Please find below a summary of the lectures given on day #1 of the Interdisciplinary Summerschool on Privacy (ISP 2016), held at Berg en Dal this week. There were lectures by Eleni Kosta on the General Data Protection Regulation (GDPR) and Lilian Edwards on consent in the Internet of Things and Smart Environments.
Eleni Kosta: European data protection in the spotlight: basic concepts and the recently adopted GDPR
Eleni discussed the new European General Data Protection Regulation (GDPR). In the notes below, I will not cover everything she said but only talk about things that were deemed significant or that evoked discussion with the audience.
According to Eleni, the new GDPR will have significant impact on all of us.
First some basic information about European legal instruments.
- Decisions: no binding obligation for member states to adopt them
- Directives: create a framework that member states need to follow when enacting national laws on the same subject
- Regulations: pieces of legislation that any EU citizen can claim protection from.
Common mistake: the GDPR only applies to natural persons (these are living people), so it does not apply to dead people, or companies.

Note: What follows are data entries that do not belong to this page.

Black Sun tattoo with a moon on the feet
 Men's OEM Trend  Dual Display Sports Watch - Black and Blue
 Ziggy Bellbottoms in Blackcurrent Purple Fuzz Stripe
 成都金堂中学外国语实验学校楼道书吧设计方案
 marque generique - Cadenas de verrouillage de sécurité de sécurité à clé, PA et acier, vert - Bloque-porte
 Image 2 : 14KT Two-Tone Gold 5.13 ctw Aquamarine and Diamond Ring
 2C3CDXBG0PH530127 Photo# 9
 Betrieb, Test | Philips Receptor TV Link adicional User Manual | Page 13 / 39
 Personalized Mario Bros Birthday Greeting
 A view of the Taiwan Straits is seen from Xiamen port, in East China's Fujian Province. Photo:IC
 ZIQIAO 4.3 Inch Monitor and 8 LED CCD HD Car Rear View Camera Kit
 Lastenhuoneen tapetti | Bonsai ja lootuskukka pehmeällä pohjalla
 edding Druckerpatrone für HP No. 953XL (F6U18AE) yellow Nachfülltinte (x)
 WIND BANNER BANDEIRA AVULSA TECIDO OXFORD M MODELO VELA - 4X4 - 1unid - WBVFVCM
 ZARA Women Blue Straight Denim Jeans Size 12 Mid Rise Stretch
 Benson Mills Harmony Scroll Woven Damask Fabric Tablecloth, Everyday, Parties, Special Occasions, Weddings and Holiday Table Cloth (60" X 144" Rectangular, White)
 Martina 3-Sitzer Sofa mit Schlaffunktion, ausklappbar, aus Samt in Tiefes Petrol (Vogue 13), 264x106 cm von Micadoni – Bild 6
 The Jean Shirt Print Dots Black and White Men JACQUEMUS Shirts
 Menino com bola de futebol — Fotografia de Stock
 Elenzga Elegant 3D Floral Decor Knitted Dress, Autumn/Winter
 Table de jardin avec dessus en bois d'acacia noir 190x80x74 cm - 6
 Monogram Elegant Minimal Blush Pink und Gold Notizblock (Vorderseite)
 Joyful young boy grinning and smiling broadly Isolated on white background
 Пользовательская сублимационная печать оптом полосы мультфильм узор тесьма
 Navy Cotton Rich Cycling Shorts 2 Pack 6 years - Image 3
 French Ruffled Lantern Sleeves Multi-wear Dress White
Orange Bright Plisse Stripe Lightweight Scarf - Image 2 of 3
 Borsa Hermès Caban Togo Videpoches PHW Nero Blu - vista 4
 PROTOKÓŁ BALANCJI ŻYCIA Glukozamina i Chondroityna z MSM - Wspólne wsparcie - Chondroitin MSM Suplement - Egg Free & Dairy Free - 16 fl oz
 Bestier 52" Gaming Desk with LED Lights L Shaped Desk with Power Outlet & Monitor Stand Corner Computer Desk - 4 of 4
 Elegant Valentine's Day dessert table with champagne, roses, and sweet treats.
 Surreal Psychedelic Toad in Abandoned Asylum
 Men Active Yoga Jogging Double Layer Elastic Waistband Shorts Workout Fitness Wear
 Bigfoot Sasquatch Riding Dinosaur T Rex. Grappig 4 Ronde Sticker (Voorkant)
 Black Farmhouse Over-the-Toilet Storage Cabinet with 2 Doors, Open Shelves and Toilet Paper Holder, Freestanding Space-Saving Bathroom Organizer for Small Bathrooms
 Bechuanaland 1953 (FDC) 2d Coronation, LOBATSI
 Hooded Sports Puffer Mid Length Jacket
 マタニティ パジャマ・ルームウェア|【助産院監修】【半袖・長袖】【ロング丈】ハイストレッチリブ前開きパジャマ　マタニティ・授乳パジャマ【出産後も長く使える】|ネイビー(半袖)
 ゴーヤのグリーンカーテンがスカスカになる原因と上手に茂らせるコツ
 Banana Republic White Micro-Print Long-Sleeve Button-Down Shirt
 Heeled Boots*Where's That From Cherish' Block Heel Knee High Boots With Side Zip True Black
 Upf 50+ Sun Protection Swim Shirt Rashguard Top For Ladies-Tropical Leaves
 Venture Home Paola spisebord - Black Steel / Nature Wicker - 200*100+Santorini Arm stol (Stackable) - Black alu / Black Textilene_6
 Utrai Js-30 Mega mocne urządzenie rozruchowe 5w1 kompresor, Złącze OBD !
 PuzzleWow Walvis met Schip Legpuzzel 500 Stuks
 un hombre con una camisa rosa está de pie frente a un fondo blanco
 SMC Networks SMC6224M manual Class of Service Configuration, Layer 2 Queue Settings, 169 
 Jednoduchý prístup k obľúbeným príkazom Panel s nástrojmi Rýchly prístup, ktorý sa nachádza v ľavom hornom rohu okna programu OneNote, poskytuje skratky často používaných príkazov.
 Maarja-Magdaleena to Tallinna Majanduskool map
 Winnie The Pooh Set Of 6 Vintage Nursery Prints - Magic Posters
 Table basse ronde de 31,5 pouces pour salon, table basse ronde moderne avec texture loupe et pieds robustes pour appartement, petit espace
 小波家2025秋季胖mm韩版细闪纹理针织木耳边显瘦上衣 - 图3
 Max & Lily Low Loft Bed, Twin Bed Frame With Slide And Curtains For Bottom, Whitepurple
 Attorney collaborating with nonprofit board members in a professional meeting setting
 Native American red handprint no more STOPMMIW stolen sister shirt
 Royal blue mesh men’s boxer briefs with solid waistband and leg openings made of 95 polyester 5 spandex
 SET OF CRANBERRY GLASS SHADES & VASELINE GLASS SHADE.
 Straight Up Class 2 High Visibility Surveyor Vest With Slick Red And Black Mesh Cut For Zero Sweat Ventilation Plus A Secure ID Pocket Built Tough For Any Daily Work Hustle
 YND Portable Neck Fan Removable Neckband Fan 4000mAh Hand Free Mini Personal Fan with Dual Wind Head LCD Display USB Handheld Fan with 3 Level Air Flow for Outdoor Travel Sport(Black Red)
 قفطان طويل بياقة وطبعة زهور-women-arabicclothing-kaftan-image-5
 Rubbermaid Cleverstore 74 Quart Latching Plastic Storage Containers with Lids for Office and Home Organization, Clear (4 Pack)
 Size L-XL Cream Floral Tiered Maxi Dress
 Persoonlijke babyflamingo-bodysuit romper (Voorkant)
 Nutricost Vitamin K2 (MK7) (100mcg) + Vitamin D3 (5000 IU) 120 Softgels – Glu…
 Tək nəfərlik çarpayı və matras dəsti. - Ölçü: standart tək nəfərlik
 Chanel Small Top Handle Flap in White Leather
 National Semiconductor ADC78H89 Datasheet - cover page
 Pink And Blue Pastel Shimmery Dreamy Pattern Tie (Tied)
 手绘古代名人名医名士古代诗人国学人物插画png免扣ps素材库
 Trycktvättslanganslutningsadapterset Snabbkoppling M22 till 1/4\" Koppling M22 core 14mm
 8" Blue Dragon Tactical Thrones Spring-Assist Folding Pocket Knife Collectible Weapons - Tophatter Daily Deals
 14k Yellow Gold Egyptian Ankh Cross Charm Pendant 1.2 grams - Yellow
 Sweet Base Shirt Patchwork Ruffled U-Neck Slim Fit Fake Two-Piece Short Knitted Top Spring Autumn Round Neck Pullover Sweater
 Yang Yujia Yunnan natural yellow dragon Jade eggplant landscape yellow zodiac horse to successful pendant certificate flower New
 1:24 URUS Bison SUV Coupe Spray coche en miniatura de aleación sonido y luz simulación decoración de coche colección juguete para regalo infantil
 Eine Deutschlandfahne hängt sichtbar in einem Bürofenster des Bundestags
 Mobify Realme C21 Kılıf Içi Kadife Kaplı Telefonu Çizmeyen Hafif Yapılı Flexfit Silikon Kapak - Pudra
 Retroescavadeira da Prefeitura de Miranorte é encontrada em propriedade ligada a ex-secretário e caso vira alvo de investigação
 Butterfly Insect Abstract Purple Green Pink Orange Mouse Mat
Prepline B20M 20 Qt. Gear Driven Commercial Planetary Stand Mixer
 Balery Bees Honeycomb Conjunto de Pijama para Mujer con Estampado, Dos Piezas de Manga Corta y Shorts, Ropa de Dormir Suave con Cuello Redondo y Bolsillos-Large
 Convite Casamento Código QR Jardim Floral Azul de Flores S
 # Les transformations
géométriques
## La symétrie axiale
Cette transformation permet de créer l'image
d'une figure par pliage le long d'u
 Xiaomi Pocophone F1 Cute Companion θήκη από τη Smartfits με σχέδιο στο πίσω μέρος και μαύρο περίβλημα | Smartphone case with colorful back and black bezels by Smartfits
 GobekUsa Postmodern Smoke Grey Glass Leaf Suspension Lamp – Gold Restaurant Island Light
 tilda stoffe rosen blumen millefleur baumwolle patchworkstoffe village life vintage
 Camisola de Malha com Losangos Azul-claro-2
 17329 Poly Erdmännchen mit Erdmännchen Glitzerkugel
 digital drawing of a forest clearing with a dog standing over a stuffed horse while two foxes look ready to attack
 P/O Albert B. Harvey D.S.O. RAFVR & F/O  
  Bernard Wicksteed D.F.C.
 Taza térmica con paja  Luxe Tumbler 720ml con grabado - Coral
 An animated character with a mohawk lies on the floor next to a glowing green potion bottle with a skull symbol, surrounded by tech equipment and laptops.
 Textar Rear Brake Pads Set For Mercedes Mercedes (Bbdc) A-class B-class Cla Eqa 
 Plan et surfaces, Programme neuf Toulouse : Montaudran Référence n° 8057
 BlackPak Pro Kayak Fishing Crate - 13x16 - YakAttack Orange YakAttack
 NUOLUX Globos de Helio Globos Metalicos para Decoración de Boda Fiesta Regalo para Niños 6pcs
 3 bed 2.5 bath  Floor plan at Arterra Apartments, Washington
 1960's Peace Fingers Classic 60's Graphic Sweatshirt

GDPR regulates use of personal data defined as any information relating to an identified or identifiable natural person. What this means is defined by the community at large (in dialog with technical people, for example), and may change over time or context.
Processing: for a lawyer, anything you do with data is processing. So storage is processing. Even when personal data is stored on paper, it is processing, if the handling and storage of this personal data is somehow structured.
The difference between data controller and data processor. The controller decides the means and purposes of the processing of the personal data. The processor does process the data on behalf of the controller, and does so as agreed with the controller. In cloud contexts the roles get diffuse as there is typically not a single entity that controls both the purposes and the means. Usually, the means are decided on by the processors (as they control the technology).
Material scope: the regulation does not apply to e.g. purely personal or household activity, although the exact interpretation is not quite clear. Keeping a local contacts database on your mobile phone is not covered by the regulation. But collecting e.g. location data about your family members through an app may not be exempted.
Extraterritorial scope: the regulation also applies to any data subject who resides within the European Union (even an illegal immigrant), and applies to any controller or processor, even those outside of the European Union, when they offer goods and services or when they monitor data subject behaviour. (As a result, companies may force you to reveal your location; this may lead to lesser privacy protection!) Privacy Shield offers protection for data transfer (beyond companies that offer goods and services or when they monitor their behaviour).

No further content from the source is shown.